### About this task
The data below contains pictures, which are to be skipped; the lines starting at the line with "Στο δρόμο το" and ending at the line with "Zyre Me Qera Tek Brryli (ID BZ2546) Tirane." are to be output exactly, both ends included.

*** Source information ***

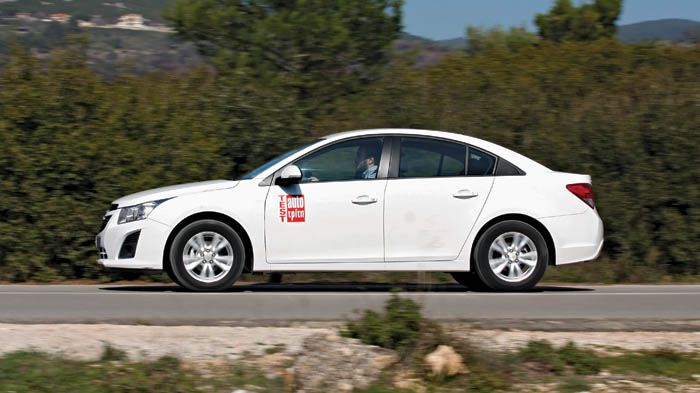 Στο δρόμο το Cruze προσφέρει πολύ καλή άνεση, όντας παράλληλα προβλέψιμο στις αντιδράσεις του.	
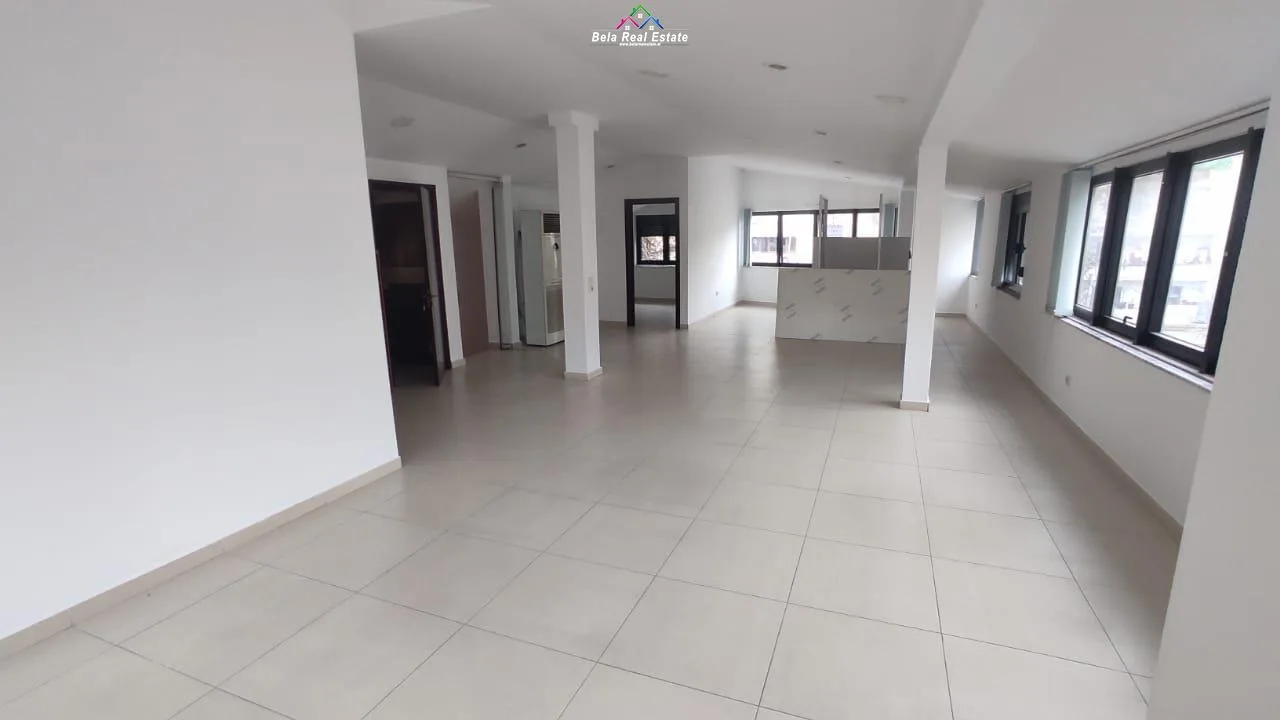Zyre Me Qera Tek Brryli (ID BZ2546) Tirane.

*** End of Source information ***
*** Source information ***

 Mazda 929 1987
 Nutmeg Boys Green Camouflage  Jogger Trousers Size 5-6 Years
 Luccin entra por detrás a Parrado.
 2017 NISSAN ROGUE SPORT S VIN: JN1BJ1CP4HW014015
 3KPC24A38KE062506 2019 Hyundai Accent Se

*** End of Source information ***

### Answer to the exercise
 Στο δρόμο το Cruze προσφέρει πολύ καλή άνεση, όντας παράλληλα προβλέψιμο στις αντιδράσεις του.	
Zyre Me Qera Tek Brryli (ID BZ2546) Tirane.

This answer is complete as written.